YOUR GOAL
Transcribe, without any change, the line that includes "Plzeňští fotbalisté děkují" and all the lines that come after it in the material below.

DATA FOR THIS EXERCISE

- - -

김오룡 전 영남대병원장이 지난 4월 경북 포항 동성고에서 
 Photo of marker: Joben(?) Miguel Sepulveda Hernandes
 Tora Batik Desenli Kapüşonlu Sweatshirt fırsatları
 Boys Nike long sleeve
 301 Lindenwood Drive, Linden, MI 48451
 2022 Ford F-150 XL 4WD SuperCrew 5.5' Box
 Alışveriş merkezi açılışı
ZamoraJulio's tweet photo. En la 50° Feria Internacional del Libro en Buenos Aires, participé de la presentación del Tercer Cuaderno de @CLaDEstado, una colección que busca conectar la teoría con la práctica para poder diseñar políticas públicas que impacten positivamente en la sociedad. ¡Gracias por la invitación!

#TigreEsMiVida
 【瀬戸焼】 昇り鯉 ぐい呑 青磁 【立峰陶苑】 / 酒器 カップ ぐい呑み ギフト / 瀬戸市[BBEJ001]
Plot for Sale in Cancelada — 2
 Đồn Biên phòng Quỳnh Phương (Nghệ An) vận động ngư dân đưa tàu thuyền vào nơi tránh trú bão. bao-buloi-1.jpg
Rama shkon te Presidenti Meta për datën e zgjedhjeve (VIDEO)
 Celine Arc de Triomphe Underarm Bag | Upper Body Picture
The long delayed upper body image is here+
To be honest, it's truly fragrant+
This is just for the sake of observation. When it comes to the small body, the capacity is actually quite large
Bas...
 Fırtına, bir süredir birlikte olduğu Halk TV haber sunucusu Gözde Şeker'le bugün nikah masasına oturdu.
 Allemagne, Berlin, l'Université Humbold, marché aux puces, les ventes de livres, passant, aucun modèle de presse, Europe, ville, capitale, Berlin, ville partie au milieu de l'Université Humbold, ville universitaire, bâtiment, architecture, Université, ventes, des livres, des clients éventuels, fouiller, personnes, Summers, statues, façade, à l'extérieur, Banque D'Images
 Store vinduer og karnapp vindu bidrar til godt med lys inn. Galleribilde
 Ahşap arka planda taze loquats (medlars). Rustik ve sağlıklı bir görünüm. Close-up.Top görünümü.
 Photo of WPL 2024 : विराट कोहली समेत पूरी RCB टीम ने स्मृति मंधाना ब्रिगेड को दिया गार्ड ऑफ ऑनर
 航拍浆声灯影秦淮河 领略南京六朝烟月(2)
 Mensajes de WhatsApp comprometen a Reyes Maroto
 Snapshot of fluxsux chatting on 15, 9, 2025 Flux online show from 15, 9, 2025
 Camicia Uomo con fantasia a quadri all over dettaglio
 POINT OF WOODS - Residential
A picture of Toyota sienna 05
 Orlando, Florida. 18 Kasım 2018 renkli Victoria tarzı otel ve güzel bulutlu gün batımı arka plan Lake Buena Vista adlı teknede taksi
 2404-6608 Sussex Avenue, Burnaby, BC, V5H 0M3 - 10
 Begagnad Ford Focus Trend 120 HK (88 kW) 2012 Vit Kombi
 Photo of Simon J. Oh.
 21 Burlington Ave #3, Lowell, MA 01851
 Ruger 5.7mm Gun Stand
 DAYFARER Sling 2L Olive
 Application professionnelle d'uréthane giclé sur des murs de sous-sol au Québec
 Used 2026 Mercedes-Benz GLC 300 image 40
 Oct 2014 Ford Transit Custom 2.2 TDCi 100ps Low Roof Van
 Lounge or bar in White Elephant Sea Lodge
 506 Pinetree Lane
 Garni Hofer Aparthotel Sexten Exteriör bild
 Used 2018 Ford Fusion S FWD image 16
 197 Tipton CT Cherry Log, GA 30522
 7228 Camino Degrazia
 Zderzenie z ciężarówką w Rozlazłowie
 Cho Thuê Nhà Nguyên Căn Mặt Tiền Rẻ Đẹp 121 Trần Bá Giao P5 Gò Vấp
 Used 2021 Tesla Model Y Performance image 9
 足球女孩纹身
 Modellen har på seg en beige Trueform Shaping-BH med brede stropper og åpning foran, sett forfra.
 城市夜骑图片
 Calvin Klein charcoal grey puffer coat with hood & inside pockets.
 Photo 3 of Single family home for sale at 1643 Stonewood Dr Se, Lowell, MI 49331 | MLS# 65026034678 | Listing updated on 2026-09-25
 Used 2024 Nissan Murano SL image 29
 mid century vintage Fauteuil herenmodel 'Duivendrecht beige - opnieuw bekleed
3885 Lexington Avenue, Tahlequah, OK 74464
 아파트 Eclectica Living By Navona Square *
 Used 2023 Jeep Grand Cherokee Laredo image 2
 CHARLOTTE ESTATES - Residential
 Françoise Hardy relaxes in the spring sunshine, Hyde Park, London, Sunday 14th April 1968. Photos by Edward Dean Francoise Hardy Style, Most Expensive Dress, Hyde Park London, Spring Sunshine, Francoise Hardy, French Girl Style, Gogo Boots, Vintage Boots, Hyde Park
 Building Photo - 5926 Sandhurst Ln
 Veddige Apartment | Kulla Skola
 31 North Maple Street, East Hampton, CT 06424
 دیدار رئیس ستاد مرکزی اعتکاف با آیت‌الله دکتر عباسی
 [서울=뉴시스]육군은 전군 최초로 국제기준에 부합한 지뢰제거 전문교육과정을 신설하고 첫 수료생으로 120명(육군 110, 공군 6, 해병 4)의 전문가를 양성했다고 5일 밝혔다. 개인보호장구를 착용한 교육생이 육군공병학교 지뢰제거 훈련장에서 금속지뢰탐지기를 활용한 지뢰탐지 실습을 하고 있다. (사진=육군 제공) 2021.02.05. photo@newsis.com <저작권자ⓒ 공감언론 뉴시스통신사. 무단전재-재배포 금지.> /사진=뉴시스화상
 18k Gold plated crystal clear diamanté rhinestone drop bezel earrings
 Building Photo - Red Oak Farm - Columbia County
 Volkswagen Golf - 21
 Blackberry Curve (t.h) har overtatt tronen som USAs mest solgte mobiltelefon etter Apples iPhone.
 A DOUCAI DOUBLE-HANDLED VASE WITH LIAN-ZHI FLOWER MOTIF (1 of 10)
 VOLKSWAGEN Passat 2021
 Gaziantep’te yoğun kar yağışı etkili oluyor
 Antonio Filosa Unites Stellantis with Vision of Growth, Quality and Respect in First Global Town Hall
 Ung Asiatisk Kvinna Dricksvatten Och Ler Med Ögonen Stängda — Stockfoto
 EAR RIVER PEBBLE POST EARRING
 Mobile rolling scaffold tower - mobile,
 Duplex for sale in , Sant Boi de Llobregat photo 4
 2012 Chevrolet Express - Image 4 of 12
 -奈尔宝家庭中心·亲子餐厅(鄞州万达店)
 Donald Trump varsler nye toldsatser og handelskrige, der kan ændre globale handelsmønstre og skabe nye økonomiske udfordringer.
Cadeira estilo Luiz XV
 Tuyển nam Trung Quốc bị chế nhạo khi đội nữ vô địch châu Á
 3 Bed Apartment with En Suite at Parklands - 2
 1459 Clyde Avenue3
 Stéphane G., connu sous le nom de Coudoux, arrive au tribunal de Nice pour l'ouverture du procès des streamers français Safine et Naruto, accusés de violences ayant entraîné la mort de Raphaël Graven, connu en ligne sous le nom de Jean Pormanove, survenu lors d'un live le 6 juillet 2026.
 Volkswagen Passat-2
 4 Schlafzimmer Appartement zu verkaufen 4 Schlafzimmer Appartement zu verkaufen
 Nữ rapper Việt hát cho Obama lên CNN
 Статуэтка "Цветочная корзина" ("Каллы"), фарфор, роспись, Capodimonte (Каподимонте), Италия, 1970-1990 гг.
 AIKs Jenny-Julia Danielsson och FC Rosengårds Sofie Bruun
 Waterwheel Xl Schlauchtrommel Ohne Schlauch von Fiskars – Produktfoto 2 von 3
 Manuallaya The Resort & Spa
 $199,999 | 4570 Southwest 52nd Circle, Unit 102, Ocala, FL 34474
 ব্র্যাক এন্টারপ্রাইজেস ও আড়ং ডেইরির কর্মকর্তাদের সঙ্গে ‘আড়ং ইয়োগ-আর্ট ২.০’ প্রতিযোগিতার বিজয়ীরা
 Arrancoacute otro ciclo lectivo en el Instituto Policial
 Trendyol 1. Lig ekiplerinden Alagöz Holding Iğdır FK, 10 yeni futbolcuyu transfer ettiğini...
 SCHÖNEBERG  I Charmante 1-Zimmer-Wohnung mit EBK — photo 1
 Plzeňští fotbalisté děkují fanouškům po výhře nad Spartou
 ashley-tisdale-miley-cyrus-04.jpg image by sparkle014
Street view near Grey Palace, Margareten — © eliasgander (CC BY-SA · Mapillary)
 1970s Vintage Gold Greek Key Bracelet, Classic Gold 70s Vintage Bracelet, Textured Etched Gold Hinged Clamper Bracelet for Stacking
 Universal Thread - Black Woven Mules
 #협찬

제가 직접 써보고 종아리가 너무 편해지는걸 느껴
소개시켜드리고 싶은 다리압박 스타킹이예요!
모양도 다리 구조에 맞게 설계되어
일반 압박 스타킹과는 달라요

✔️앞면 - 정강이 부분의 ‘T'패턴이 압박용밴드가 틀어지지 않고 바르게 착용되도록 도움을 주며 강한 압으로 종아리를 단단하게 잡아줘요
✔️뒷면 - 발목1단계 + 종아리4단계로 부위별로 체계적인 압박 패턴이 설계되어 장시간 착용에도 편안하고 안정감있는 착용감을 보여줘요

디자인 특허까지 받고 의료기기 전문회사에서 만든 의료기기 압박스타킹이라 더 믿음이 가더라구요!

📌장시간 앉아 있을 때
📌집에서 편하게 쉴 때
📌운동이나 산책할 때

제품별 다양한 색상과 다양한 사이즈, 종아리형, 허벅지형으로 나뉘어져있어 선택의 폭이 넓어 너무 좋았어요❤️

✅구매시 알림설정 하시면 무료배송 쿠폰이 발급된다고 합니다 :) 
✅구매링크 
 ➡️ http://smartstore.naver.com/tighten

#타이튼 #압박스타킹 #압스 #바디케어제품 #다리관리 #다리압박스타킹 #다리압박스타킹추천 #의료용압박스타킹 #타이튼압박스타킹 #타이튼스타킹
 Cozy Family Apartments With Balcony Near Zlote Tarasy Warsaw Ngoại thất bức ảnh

- - -

SOLUTION TO THIS PROBLEM
 Plzeňští fotbalisté děkují fanouškům po výhře nad Spartou
 ashley-tisdale-miley-cyrus-04.jpg image by sparkle014
Street view near Grey Palace, Margareten — © eliasgander (CC BY-SA · Mapillary)
 1970s Vintage Gold Greek Key Bracelet, Classic Gold 70s Vintage Bracelet, Textured Etched Gold Hinged Clamper Bracelet for Stacking
 Universal Thread - Black Woven Mules
 #협찬

제가 직접 써보고 종아리가 너무 편해지는걸 느껴
소개시켜드리고 싶은 다리압박 스타킹이예요!
모양도 다리 구조에 맞게 설계되어
일반 압박 스타킹과는 달라요

✔️앞면 - 정강이 부분의 ‘T'패턴이 압박용밴드가 틀어지지 않고 바르게 착용되도록 도움을 주며 강한 압으로 종아리를 단단하게 잡아줘요
✔️뒷면 - 발목1단계 + 종아리4단계로 부위별로 체계적인 압박 패턴이 설계되어 장시간 착용에도 편안하고 안정감있는 착용감을 보여줘요

디자인 특허까지 받고 의료기기 전문회사에서 만든 의료기기 압박스타킹이라 더 믿음이 가더라구요!

📌장시간 앉아 있을 때
📌집에서 편하게 쉴 때
📌운동이나 산책할 때

제품별 다양한 색상과 다양한 사이즈, 종아리형, 허벅지형으로 나뉘어져있어 선택의 폭이 넓어 너무 좋았어요❤️

✅구매시 알림설정 하시면 무료배송 쿠폰이 발급된다고 합니다 :) 
✅구매링크 
 ➡️ http://smartstore.naver.com/tighten

#타이튼 #압박스타킹 #압스 #바디케어제품 #다리관리 #다리압박스타킹 #다리압박스타킹추천 #의료용압박스타킹 #타이튼압박스타킹 #타이튼스타킹
 Cozy Family Apartments With Balcony Near Zlote Tarasy Warsaw Ngoại thất bức ảnh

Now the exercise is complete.